U.S. President Donald Trump, Pope Francis and U.S. Secretary of State Rex Tillerson were placed on a list of wanted “terrorists” by Turkey’s pro-government Yenisöz daily newspaper in reaction to arrest warrants issued in Washington for members of Turkish President Recep Tayyip Erdogan’s security detail.
The newspaper published a story titled “These terrorists are wanted” and named Trump, the Pope, Tillerson, Turkish-Islamic scholar Fethullah Gülen, U.S. Secretary of Defense James Mattis, Central Intelligence Agency Director Michael Pompeo, Washington Police Chief Peter Newsham and Mayor of Washington DC Muriel Bowser.

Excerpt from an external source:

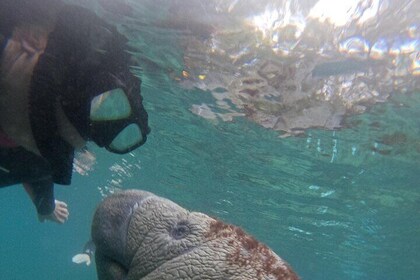 Private Manatee Swim Crystal River FL 6 Passenger Max Free Photos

They were were labeled terrorists and accused of supporting terrorist organizations. Trump specifically was accused of global extortion and cooperating with terrorist organizations such as the Kurdistan Workers’ Party (PKK) and the Islamic State in Iraq and the Levant (ISIS) as well as murdering civilians.
The Washington Post reported on Thursday that a dozen security guards for Erdoğan are now wanted by D.C. police, who on Thursday declared them criminal suspects and accused them of attacking peaceful protesters during a visit to Washington in May.
According to the report, D.C. Police Chief Newsham said during a press conference on Thursday that “rarely have I seen in 28 years of policing the type of thing I saw in Sheridan Circle [in front of the Turkish ambassador’s residence]. … We all saw the violence that was perpetrated against peaceful protesters, and it’s not something that we’re going to tolerate.”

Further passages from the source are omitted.